Faranno disperatamente l’amore mentre la cinepresa, con una carrellata,
li abbandona al loro destino.
Non sappiamo quale finale
cinematografico Eco preferisse, quello letterario sì. È la chiusa di
Martin Eden, quando il protagonista si suicida buttandosi in mare: «Era
caduto nelle tenebre e come lo seppe, cessò di saperlo».
Il
romanzo classico ci ha regalato tre tipi di chiusura: il finale chiuso
(è il più difficile, dice la parola definitiva sulla storia e
sull’autore, che necessariamente deve essere un grande autore); il
finale aperto (molto in voga nei romanzi di genere, quasi sempre prevede
un seguito); il finale circolare (il lettore torna al punto di
partenza, concludendo la storia da dov’era cominciata).
Il finale
circolare e soprattutto il finale aperto sono stati presi a prestito
dalla serialità, che già aveva saccheggiato il feuilleton. Proprio il
grande feuilleton, tipo Il Circolo Pickwick di Charles Dickens o I
misteri di Parigi di Eugène Sue, è un genere cerniera di grande
interesse: rappresenta il momento in cui l’autore, in quanto artista,
cede le armi e le «pretese» autoriali, e il romanzo diventa una sorta di
catena di montaggio per la produzione di gratificazioni incessanti e
rinnovabili (la più celebre delle quali è la promessa di rivelazioni che
normalmente chiude un episodio e procede all’apertura di altre nuove
strade, il «continua», il finale che promette altri finali). Il romanzo
d’appendice non si preoccupa soltanto di seguire i dettami del buon
narrare ma introduce, puntata dopo puntata, artifici di comodo che
ritroveremo poi nelle saghe di fumetti e nelle serie televisive: come
opera in progress, nasce a puntate, a tappe, e ogni tappa ha bisogno di
una sosta, di un finale.
Se le serie delle origini hanno una
struttura semplice, articolano ogni episodio in tre atti (incipit,
svolgimento con climax, scioglimento finale), a partire dagli anni
Ottanta, specialmente con Hill Street Blues (1981-1987, in Italia Hill
Street giorno e notte), la narrazione comincia a stratificarsi come una
millefoglie.

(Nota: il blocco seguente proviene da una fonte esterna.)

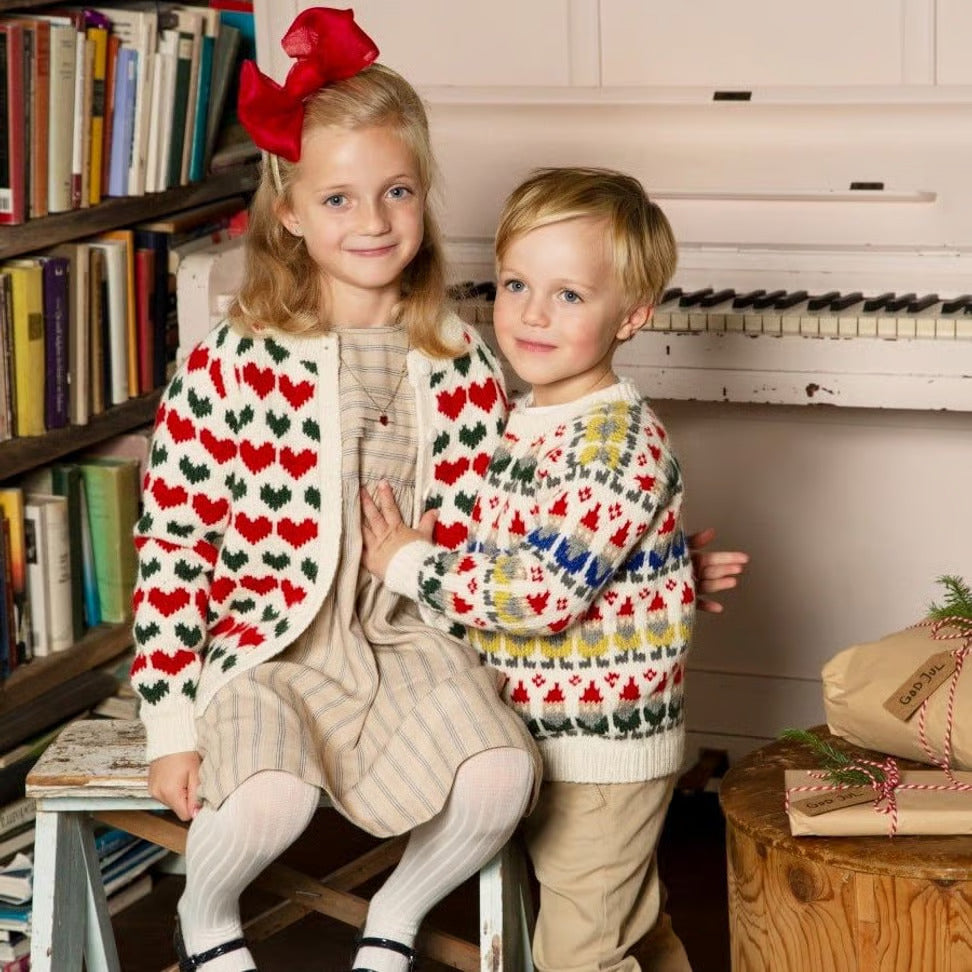 Julenissegenser – strikkekit og opskrift (PDF) 🎅✨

I creatori Steven Bochco e Michael Kozoll utilizzano
un’ampia comunità di personaggi, dando una visione corale della
professione del detective. Hill Street Blues è un poliziesco che sfugge
ad alcune categorie di genere, tanto da utilizzare molti spunti della
sitcom, del documentario e della soap. Il telefilm inventa la trama
multipla (l’avventura non è più sequenziale ma si frantuma in mille
rivoli, ogni personaggio è portatore di storie pubbliche e private che
si intrecciano fra di loro) e dà il via alla stagione d’oro della
serialità, caratterizzata appunto dalla ramificazione narrativa e
affettiva, da storie che si innestano su altre storie, da indagini che
non necessariamente devono chiudersi, da ritmi velocizzati, da una
caratterizzazione dei protagonisti e delle vicende, da una tv che si
emancipa definitivamente dal cinema creando ganci interepisodici, finali
su finali, una fabbrica di finali.
L’espediente retorico più
usato è quello che gli americani chiamano cliffhanger (chi rimane
sospeso sull’orlo del burrone): la tecnica di interrompere l’azione nel
punto di tensione massima in modo che il lettore o lo spettatore sia
invogliato a sapere coma andrà a finire (tutto era già stato inventato
da Le mille e una notte).
Una delle accuse più frequenti che si fa
alla serialità (nel 2018 negli Usa sono state prodotte e trasmesse
circa 500 serie tv, in un trend di costante crescita anno dopo anno!) è
di smarrire i finali, di andare avanti solo perché non si sa come
terminare. Il caso più clamoroso resta quello di Lost, il cui finale
misterioso è stato oggetto di mille interpretazioni, alcune delle quali
anche molto negative. Anche se, in quel caso, la narrazione ha
continuato a giocare con il tempo: dopo le parentesi sul passato e
quelle sul futuro delle prime stagioni, l’ultimo atto di Lost ha scelto
di dar spazio ai what if, al racconto di una realtà parallela e
alternativa alla vita sull’isola, moltiplicando all’infinito l’explicit.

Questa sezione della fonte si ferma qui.